La bonne adresse miel
La production annuelle, qui avoisine les trois tonnes, est écoulée principalement en circuit court. « Nous travaillons avec une quinzaine de points de vente, des boutiques qui mettent en valeur les produits locaux, souligne Carole. Nous collaborons aussi avec des restaurateurs des environs ». Rançon du succès : la demande est aujourd’hui bien supérieure à la capacité de production. Aussi, le couple a-t-il décidé d’aller de l’avant et de faire construire un nouvel équipement.
« C’est un projet que nous mûrissons depuis plusieurs années, précise Fabien.
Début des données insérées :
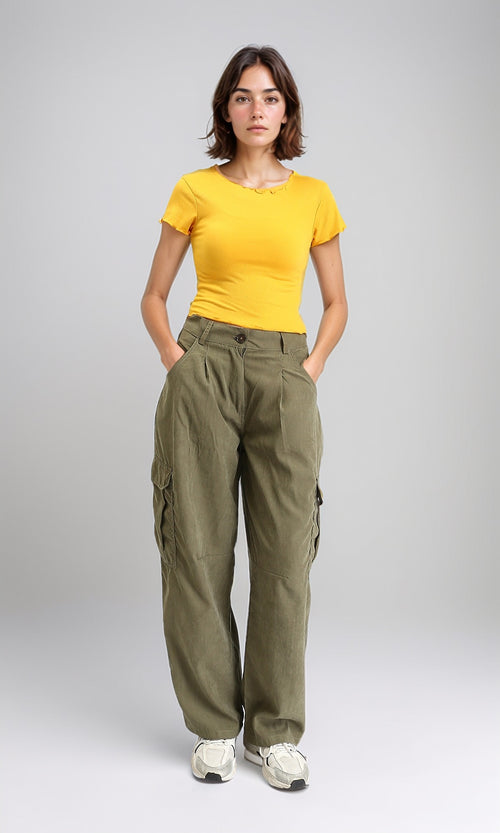 R207091 - Short Sleeves Feminine Lettuce Top - Mustard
Actuellement, le laboratoire d’extraction du miel est situé chez mes grands-parents. Nous avons aussi du matériel stocké sur différents sites. Cela suppose pas mal d’allers-retours. Et ma femme et moi travaillons par ailleurs ». Bref, le moment était venu pour ces parents de jeunes enfants de rationaliser leur organisation. La construction d’un bâtiment de 100 m², sur la parcelle jouxtant leur domicile de Trémaouézan, va ainsi permettre de rassembler en un seul lieu l’extraction, l’étiquetage, le stockage… Sans oublier un espace attenant pour l’accueil des scolaires et des groupes de visiteurs, accessible aux personnes à mobilité réduite .
Un buzz éclair
« Jusqu’à présent, nous n’avions pas de possibilité de recevoir pour faire découvrir et expliquer notre passion », regrette Carole. C’est d’ailleurs ce qui a poussé le couple, il y a déjà quelques années, à se tourner vers les réseaux sociaux (Tik tok, Instagram, Facebook) pour partager ses aventures. Avec beaucoup de pédagogie et une bonne dose d’humour, comme en témoigne leur poisson d’avril sur le miel de frelon…
Forts de leur savoir-faire et de leur présence en ligne, ces apiculteurs 2.0 ont eu l’idée de tourner vers le financement participatif pour rassembler une partie du montant global nécessaire à la réalisation de leur projet évalué à 150 000 euros. Sur le site de Kengo, la plateforme dédiée aux projets bretons (cf. encadré), le dossier de la « Miellerie de la Vallée de l’Élorn » a trouvé son public. Proches, amis et collègues de travail se sont mobilisés. Mais aussi beaucoup de personnes extérieures, à la fois séduites par la sincérité de cette démarche d’héritage familial et les contreparties offertes : miel, visite de la miellerie, parrainage de ruches…
Fixé initialement à 6 000 euros, le premier objectif de collecte a été atteint en 9 jours. « Ce succès crédibilise notre projet », se félicitent Carole et Fabien. Lancée début octobre, la campagne va maintenant se poursuivre jusqu’à la mi-novembre avec un nouveau but : réunir 10 000 euros. De quoi réaliser l’espace accueil ainsi qu’une belle enseigne avec le concours d’un artisan local. Pas de doute, cette histoire d’abeilles mérite bien de faire le buzz !
Jean-Yves Nicolas
Le savoir-faire Kengo
Créée en 2015, la plateforme de financement participatif Kengo.bzh se concentre sur les projets locaux qui contribuent au rayonnement de la Bretagne. Bon an, mal an, cette filiale du Crédit Mutuel Arkéa accompagne quelque 200 dossiers dans leur collecte de fonds. « Notre taux de réussite est aujourd’hui de 85 %, note Pauline Lemaistre, responsable communication et partenariats. Ce qui nous situe en bonne position par rapport aux autres plateformes ». Côté secteurs d’activité, la restauration, la culture et les tiers-lieux représentent le gros des dossiers – l’agriculture pesant, elle, 7 % du total –, tandis que le montant moyen collecté s’établit à 5 000 euros. Jouant à fond la carte de l’accompagnement et de la proximité avec les porteurs de projet, la petite équipe de 5 personnes a su nouer un lien fort avec sa communauté. Ce qui lui permet aujourd’hui de revendiquer légitimement son statut de « porte-parole optimiste et engagé des initiatives menées sur le territoire breton ».